Graph Ranking Guarantees for Numerical Approximations to Katz Centrality

Eisha Nathan, Geoffrey Sanders, James Fairbanks, Van Emden Henson, David A. Bader

Research output: Contribution to journalConference articlepeer-review

21 Scopus citations

Abstract

Graphs and networks are prevalent in modeling relational datasets from many fields of research. By using iterative solvers to approximate graph measures (specifically Katz Centrality), we can obtain a ranking vector consisting of a number for each vertex in the graph identifying its relative importance. We use the residual to accurately estimate how much of the ranking from an approximate solution matches the ranking given by the exact solution.
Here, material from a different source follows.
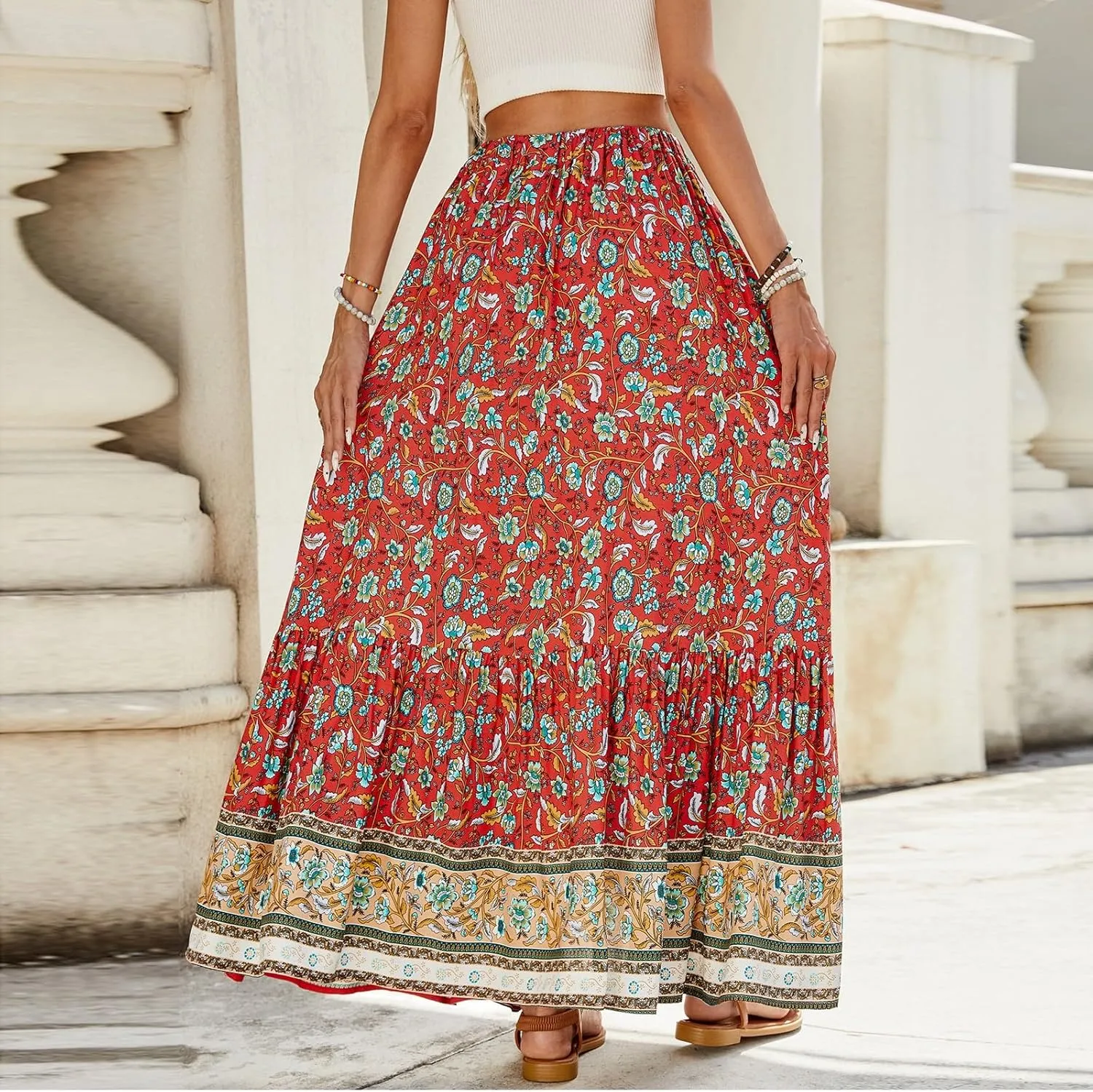 Long Skirts for Women,Beach Vacation Flowy Maxi Skirts 2025 Trendy Elastic Waist Boho Skirt Spring Summer Easter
Using probabilistic matrix norms and applying numerical analysis to the computation of Katz Centrality, we obtain bounds on the accuracy of the approximation compared to the exact solution with respect to the highly ranked nodes. This relates the numerical accuracy of the linear solver to the data analysis accuracy of finding the correct ranking. In particular, we answer the question of which pairwise rankings are reliable given an approximate solution to the linear system. Experiments on many real-world networks up to several million vertices and several hundred million edges validate our theory and show that we are able to accurately estimate large portions of the approximation. By analyzing convergence error, we develop confidence in the ranking schemes of data mining.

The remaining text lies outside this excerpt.